UNITED NATIONS, United States - The United Nations Security Council is cracking down on ivory hunters and traffickers who finance armed groups in Africa in a new initiative which has been welcomed by conservationists.
Two resolutions adopted by the council last week -- one relating to the Central African Republic, the other to the Democratic Republic of Congo -- stated that the trade in illegal wildlife was fueling conflicts in the region and bankrolling organised crime.
Under the resolutions, the council can slap sanctions, such as freezing assets or restricting travel, on any individual found to be involved in wildlife trafficking.
The resolutions were primarily designed to target a number of armed rebel groups operating in the eastern region of the Democratic Republic of Congo.
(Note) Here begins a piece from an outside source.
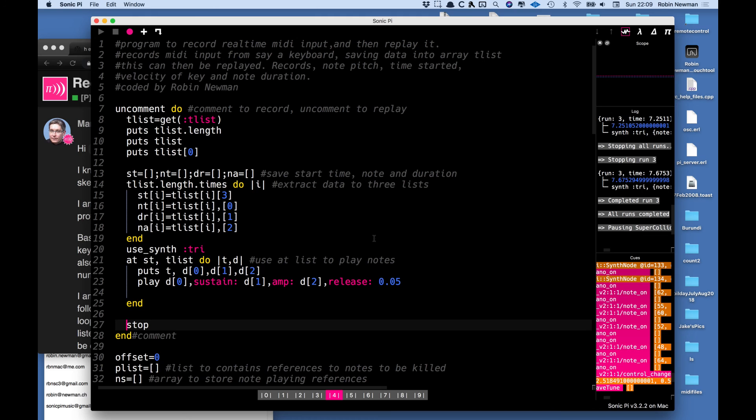So I hope you've enjoyed the little demonstration here and we'll see whether we can't elaborate on this program as time goes on.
The UN also suspects the Lord's Resistance Army run by the ruthless warlord Joseph Kony uses the illegal ivory trade as a source of generating finances.
Other groups believed to benefit from the illegal wildlife trade include Somalia's Al-Shabaab Islamist militant group and Sudan's fearsome Janjaweed militia.
"This is the first time that a United nations Security Council sanctions regime has targeted wildlife poachers and traffickers," said Wendy Elliott, species programme manager at the World Wildlife Fund told AFP. "It should act as a deterrent."
"There is no silver bullet to end this traffic, this is not going to solve the problem instantly but a year ago wildlife trafficking was not seen as a criminal issue, just an environmental one," Elliott added.